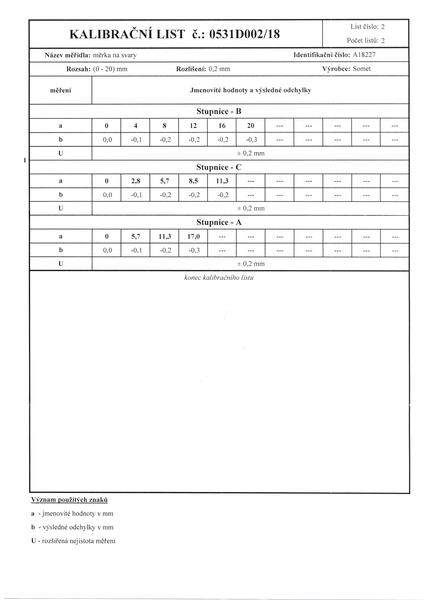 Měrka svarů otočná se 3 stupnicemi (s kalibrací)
▬▬▬▬▬▬
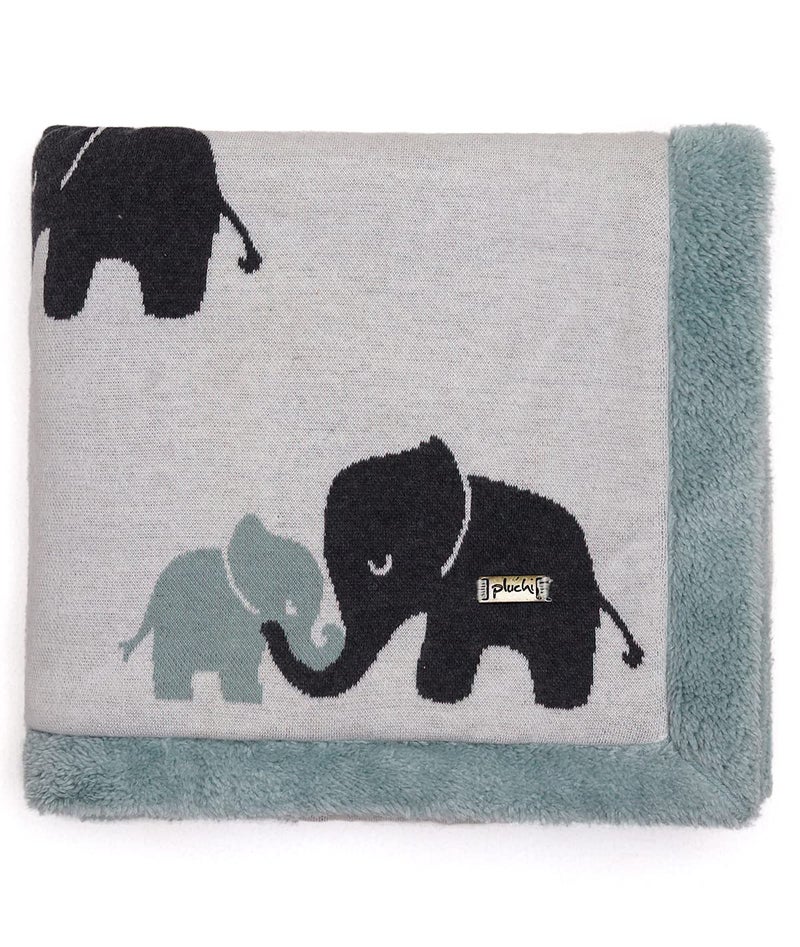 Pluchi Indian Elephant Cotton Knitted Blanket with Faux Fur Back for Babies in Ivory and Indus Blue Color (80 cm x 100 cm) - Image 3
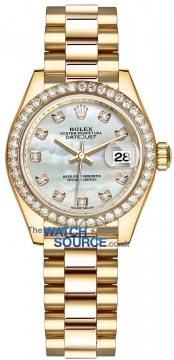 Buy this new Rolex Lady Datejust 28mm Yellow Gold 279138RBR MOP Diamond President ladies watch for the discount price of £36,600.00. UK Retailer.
▬▬▬▬▬▬
» **Action item**
Starting at the line that contains "Pluchi Indian Elephant" and ending at the line that contains "Buy this new", transcribe the material above exactly, excluding pictures.

» **Task output**
 Pluchi Indian Elephant Cotton Knitted Blanket with Faux Fur Back for Babies in Ivory and Indus Blue Color (80 cm x 100 cm) - Image 3
 Buy this new Rolex Lady Datejust 28mm Yellow Gold 279138RBR MOP Diamond President ladies watch for the discount price of £36,600.00. UK Retailer.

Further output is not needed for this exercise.